Hacía mucho calor, los niños se hallaban muy nerviosos. Corrían de un lado para otro, tirando todo lo que encontraban a su paso y peleándose entre ellos. ¡No podía más! De un puñado los metí en el coche y me marché a la playa. Al llegar, casi no podía abrir la puerta del coche por el fuerte viento reinante. Pensé en volver a casa, pero, no, yo soy más terca que una mula. Bajé los bártulos y los planté sobre la incandescente arena, el sol caía a plomo sobre nuestros cuerpos casi desnudos. Me encontraba mal, el fuerte calor no me
dejaba respirar y un sudor pegajoso se adhería a todo mi cuerpo.
Grité, una y otra vez a los niños para que no se acercasen al agua, y jugaran en la orilla. Ondeaba la bandera amarilla y era muy peligroso.
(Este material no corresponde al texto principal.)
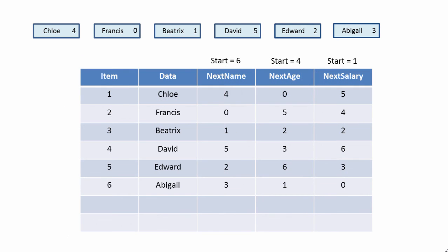And the final thing worth mentioning is that a linked list can have more than one set of pointers. Our original list had a set of pointers which indicated the alphabetical order of the data, but we can have another set of pointers which indicates relative ages, and another set of pointers to indicate their relative salaries.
Desde la posición en que me encontraba, divisé a un anciano: mugriento y mal vestido con un viejo sombrero de paja, arrastrando una enorme bolsa negra de plástico en la que introducía todo lo encontraba a su paso.
— ¡¡Se dirige a los niños!! Los llamé desesperada para que no se acercasen a él.
El anciano mugriento pasó junto a mí, inclinó la cabeza para recoger un objeto del suelo; en ese instante me dirigió una tierna y amable sonrisa. A la que yo le respondí con un gesto áspero y hostil.
Unos día más tarde escuché una interesante conversación, en la puerta del colegio a una de las madres.
—¡¡Si!! Es él, — Le dicen el Ángel de la playa.
—Lleva toda su vida limpiando las playas del entorno, de latas, cristales y otros objetos cortantes con los que se pueden herir los niños al jugar en la arena.
Aquel día recibí una gran lesión, de amor y humanidad que nunca olvidaré. Jamás juzgues a ninguna persona por su aspecto…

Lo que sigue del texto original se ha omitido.